# Is positive reinforcement for every dog?



## Marian (Oct 20, 2009)

Sounds like maybe he needs some impulse control training. Teaching him commands like leave it and turn away will help with that. 

I can imagine that R+ might not work for every dog. I'm sure it's possible to use a combination of P+ and R+, or maybe even a combination of all three, depending on the dog's personality.


----------



## bigpoodleperson (Jul 14, 2009)

I say use what works! Since youve had Mitch for awhile now, and are just getting him to this point in training then i would say he needed a change. I use mostly positive training, but im not opposed to a "sharp mom voice" or a small collar pop. I think when people get way hung up on one method and one method only is when they have problems. Every dog is different.


----------



## Cdnjennga (Jul 30, 2009)

bigpoodleperson said:


> I think when people get way hung up on one method and one method only is when they have problems. Every dog is different.

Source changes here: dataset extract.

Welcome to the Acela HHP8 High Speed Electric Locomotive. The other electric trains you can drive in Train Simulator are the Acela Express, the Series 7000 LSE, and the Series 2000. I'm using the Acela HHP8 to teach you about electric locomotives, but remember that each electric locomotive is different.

I couldn't agree more. Every dog is different and has different needs. I love positive reinforcement/ clicker training new behaviours. But sometimes you need small aversives to correct problem behaviour. So if what you are doing works for Mitch, then that's great!


----------



## Marian (Oct 20, 2009)

I really can't get the hang of clicker training, but it's okay because I think we're doing okay without it.

I agree with you guys--use whatever works with your dog. You know him better than anyone else.


----------



## cbrand (Aug 9, 2009)

I can't tell you because I don't use only positive reinforcement. However, I think it is wrong to get so stuck on one method that it becomes like a religion. You have to use what works.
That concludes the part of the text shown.